The characteristics of the microreactor include: (1) temperature control can be accurately and efficiently performed; (2) uniform mixing can be performed under a laminar flow; and (3) mixing proceeds rapidly because of a short diffusion length of a substance.

In recent years, the trend of applying a microreactor to a particle synthesis process on the order of nanometers by a liquid phase synthesis method leveraging these characteristics has been accelerated. In the case of synthesizing uniform particles, if the timing of nucleation or the particle growth time varies, the particle diameter varies. Therefore, it is necessary to control the processes of nucleation, particle growth, and aggregation.
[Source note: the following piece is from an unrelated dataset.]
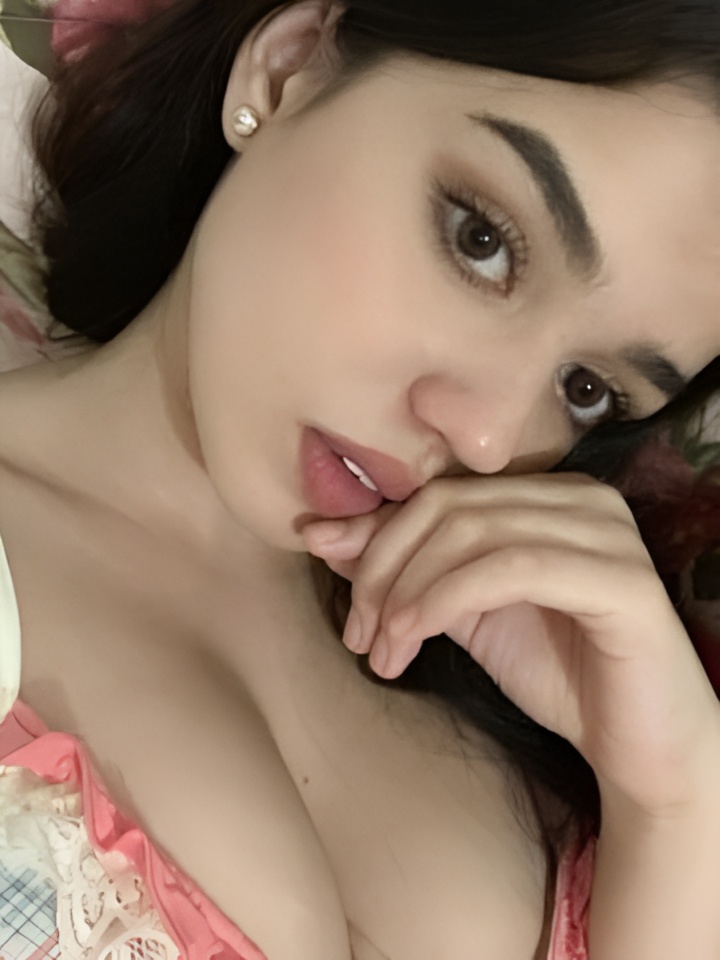 Моника привлекальеная девушка из Мамы цена от 3000 руб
In a conventional batch method in which fluids are mixed by mechanical stirring, it is difficult to stably produce particles having a uniform particle diameter in a certain amount due to variations in synthesis conditions such as uneven concentration and uneven temperature.

Therefore, by applying the microreactor to a flow synthesis device, it is possible to continuously synthesize monodisperse particles having a uniform particle diameter since mixing is performed quickly and uniformly at the phase of nucleation under the condition of precise temperature control and the reaction time can be kept constant at the phase of particle growth, the reaction time affecting the growth.

However, when particles are generated in the microchannel, the particles are bonded and deposited in the channel due to precipitation or aggregation of the particles, and the channel may be eventually clogged. Therefore, it may be difficult to continuously use the microreactor for a long time.

Therefore, in order to solve these problems, there is disclosed a method capable of stably producing particles having a uniform particle diameter by synthesis using a device including a mixing channel portion that mixes a plurality of fluids, a stagnation channel portion that is connected in series to the mixing channel portion and in which particles produced in the mixing channel portion are retained, a detection mechanism that detects a value of pressure in the stagnation channel portion, and a vibration applying mechanism that applies vibration only to the stagnation channel portion on the basis of a value detected by the detection mechanism (see, for example, PTL 1).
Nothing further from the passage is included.